#### Information supplied
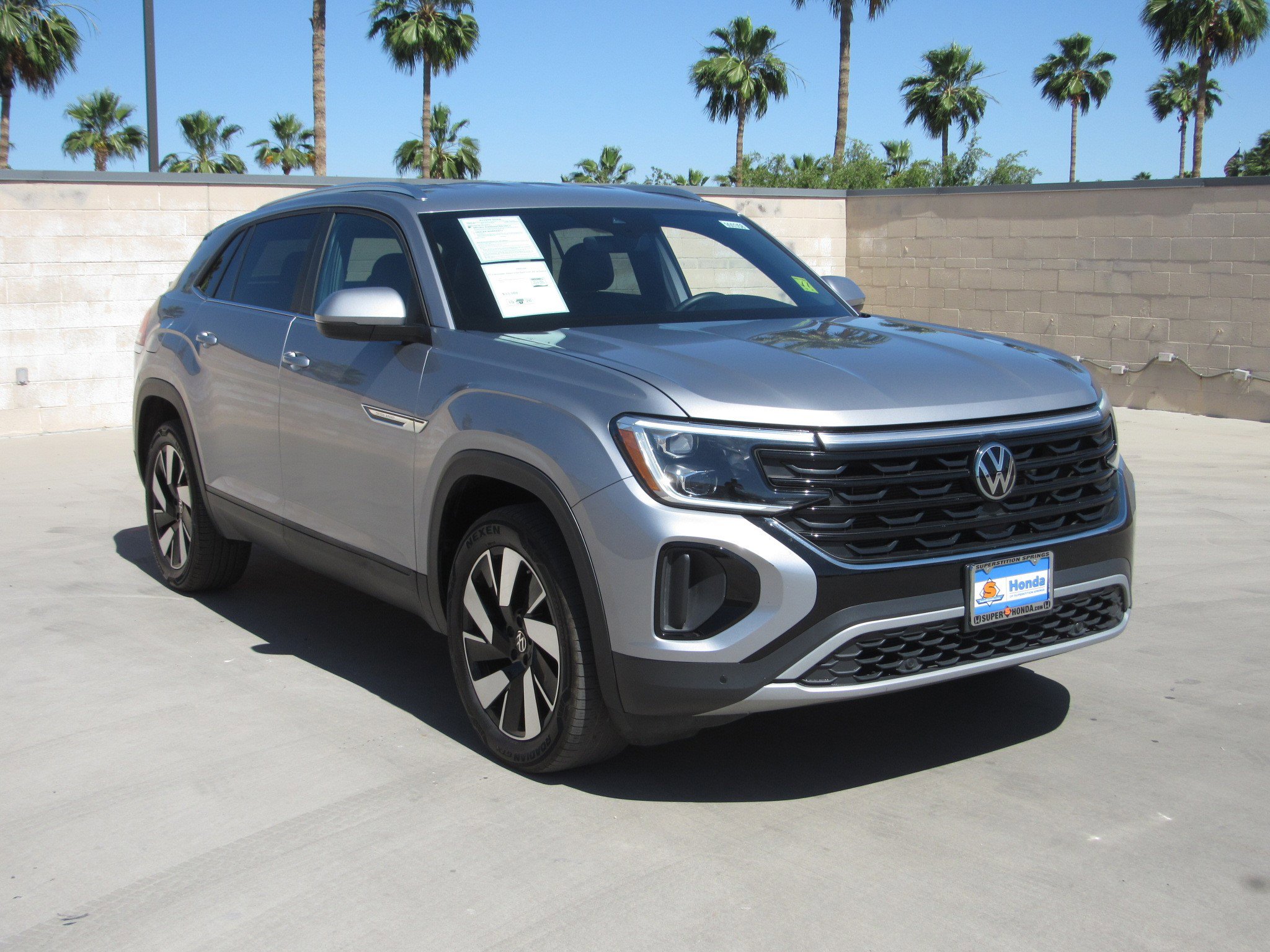 Used 2025 Volkswagen Atlas Cross Sport SE AWD/4WD image 2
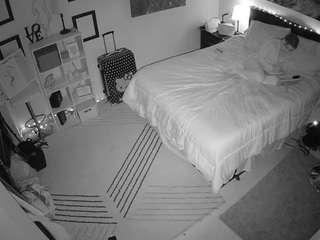 voyeurcam-hornyhostel-01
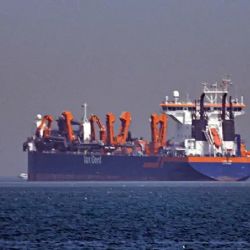 Irán cerró el Estrecho de Ormuz y amenaza con “prender fuego a cualquier barco que intente cruzarlo"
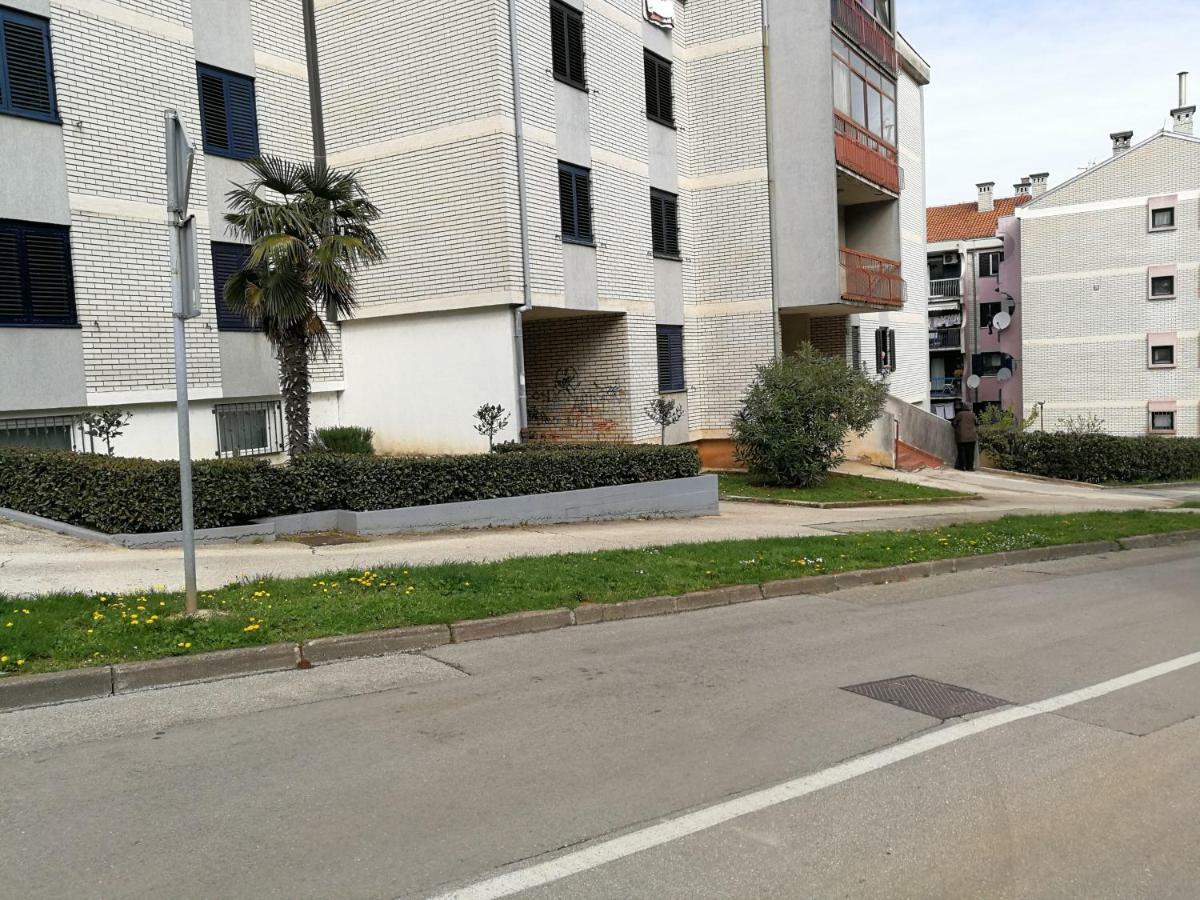 Apartment Koruna 1 Pula Bagian luar foto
########
§ **What you should do**: When you reproduce the material, keep every word exact and leave each picture out.

§ **Task result**:
 Used 2025 Volkswagen Atlas Cross Sport SE AWD/4WD image 2
 voyeurcam-hornyhostel-01
 Irán cerró el Estrecho de Ormuz y amenaza con “prender fuego a cualquier barco que intente cruzarlo"
 Apartment Koruna 1 Pula Bagian luar foto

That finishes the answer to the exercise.